Definition of Nephrolithiasis

Nephrolithiasis is a condition in which hard masses (kidney stones) form within the urinary tract. These stones form from crystals that separate out of the urine. Formation may occur when the urinary concentration of crystal-forming substances (e.g., calcium, oxalate, uric acid) is high and/or that of substances that inhibit stone formation (e.g., citrate) is low.

Epidemiology of Nephrolithiasis

Although kidney stones may present at any age, onset is more common in young and middle-aged adults. Lifetime prevalence is 13 percent for men and 7 percent for women.1,2 Reports conflict regarding whether incidence is rising overall, but consistently report rising incidence in women and a falling male-to-female ratio.35 Following an initial stone event, the 5-year recurrence rate in the absence of specific treatment is 35 to 50 percent.7

Approximately 80 percent of adults with kidney stones have stones consisting predominately of calcium oxalate and/or calcium phosphate.
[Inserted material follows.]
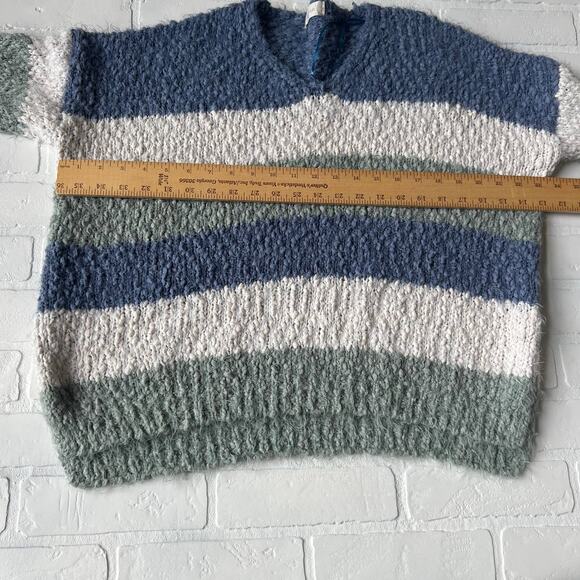 Altar'd State Chunky Knit Cozy Blue Striped Oversized Pullover Sweater -sz M/L - Picture 5 of 5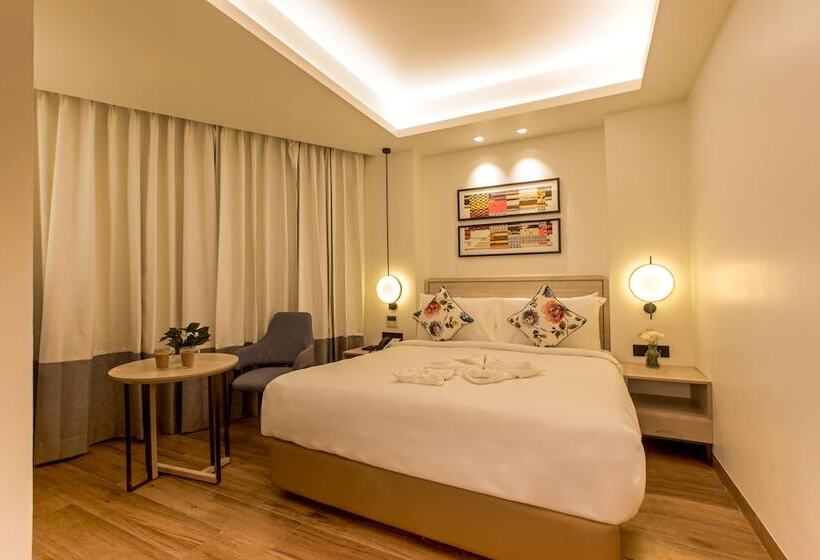 اتاق استاندارد, Regenta Sgs Greenotel  Lonavala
Struvite stones and uric acid stones each account for 5 to 10 percent of stones, and cystine stones are rare.9 Given that kidney stones are more likely to form when conditions favor separation of crystals out of the urine, it is not surprising that many patients with kidney stones, in addition to having low urine volume, have one or more biochemical abnormalities in the urine or blood. Hypercalciuria is most common, while other abnormalities may include hypercalcemia, hyperuricemia, hyperuricosuria, hyperoxaluria, hypocitraturia, and either low or high urine pH.10,11

In many patients, both stones and biochemical abnormalities are caused by an interaction between genetic inheritance and environmental exposure.12 Genetic factors are thought to account for about half the risk of developing kidney stones.12,1821 With respect to environmental factors, large observational studies have shown that low fluid intake, low calcium intake, and high fructose intake increase stone risk, while evidence is mixed for increased animal protein, increased sodium, increased sucrose, and low magnesium.1317 Risk of kidney stones also appears to vary by beverage type,67,68 and may be increased by medical conditions such as primary hyperparathyroidism,18 obesity,19 diabetes,20 gout,21 and intestinal malabsorption,22 and by anatomic abnormalities such as medullary sponge kidney and horseshoe kidney.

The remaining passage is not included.